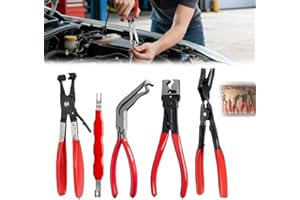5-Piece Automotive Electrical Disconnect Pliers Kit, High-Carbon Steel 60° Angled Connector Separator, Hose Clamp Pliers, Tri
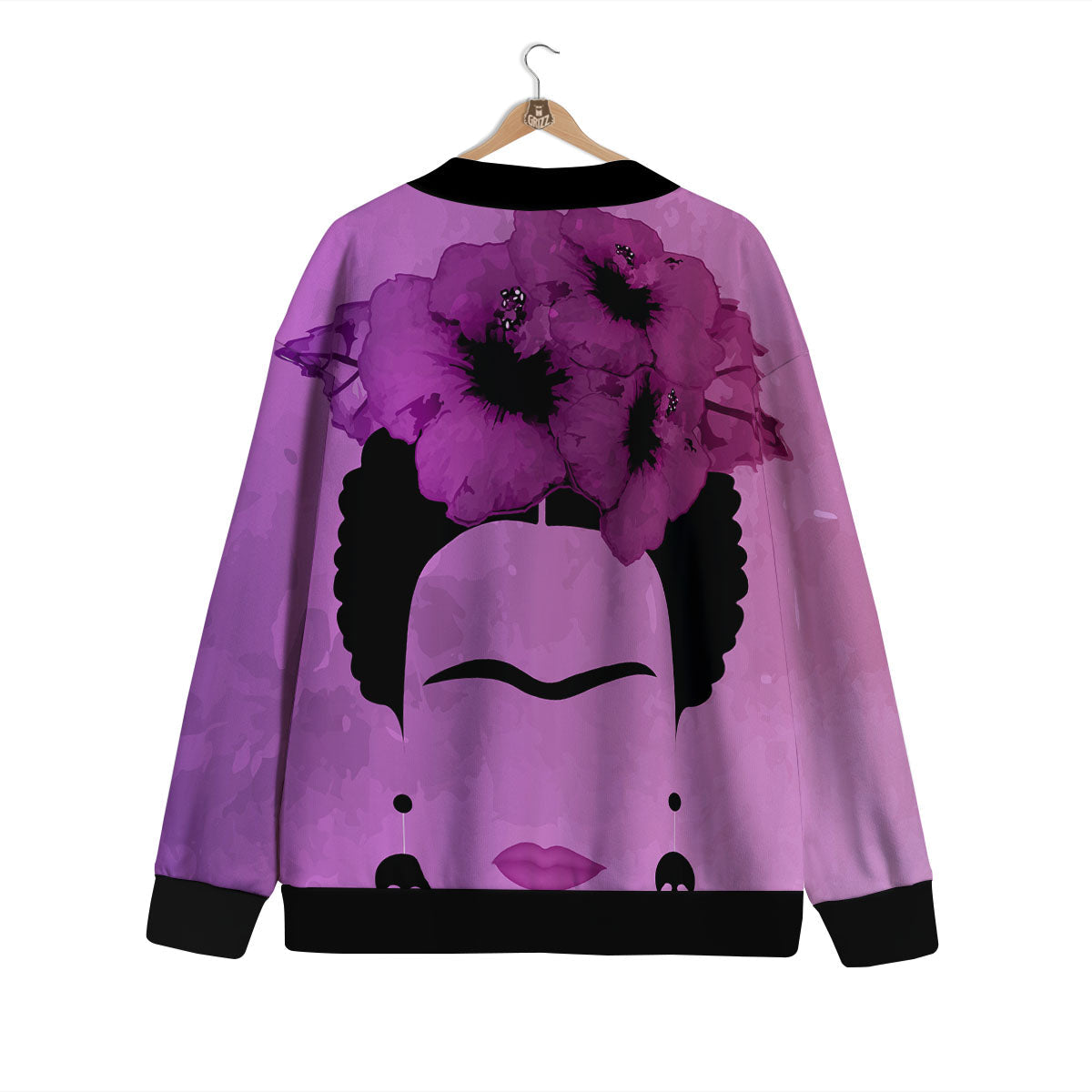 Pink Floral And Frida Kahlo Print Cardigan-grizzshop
...
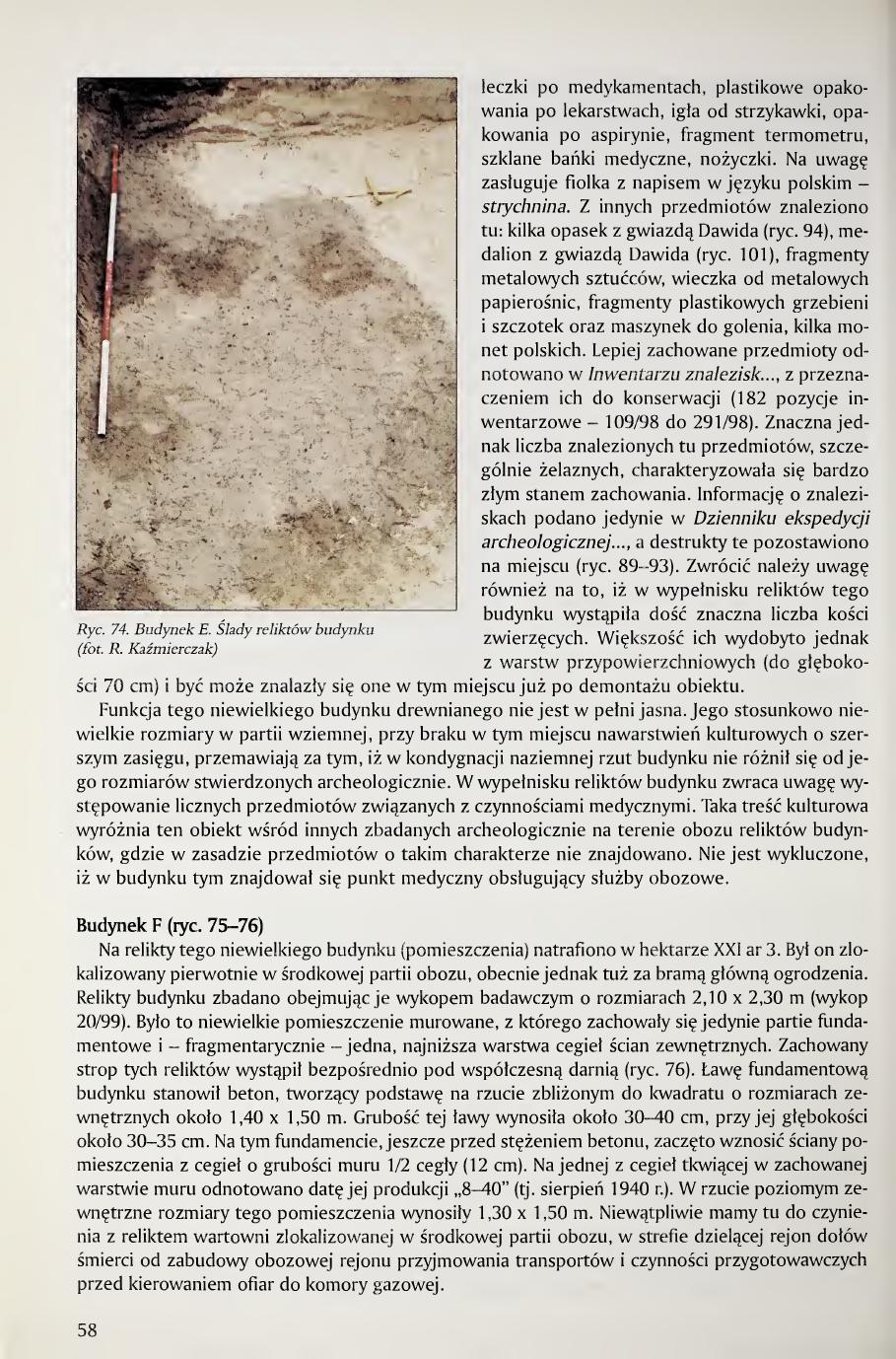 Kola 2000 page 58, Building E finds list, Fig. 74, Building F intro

WHAT YOU SHOULD DO » An exact copy of the lines above from the one with "5-Piece Automotive Electrical" up to and including the one with "Pink Floral And" is required; reproduce only those lines, omitting all pictures.

RESPONSE »
5-Piece Automotive Electrical Disconnect Pliers Kit, High-Carbon Steel 60° Angled Connector Separator, Hose Clamp Pliers, Tri
 Pink Floral And Frida Kahlo Print Cardigan-grizzshop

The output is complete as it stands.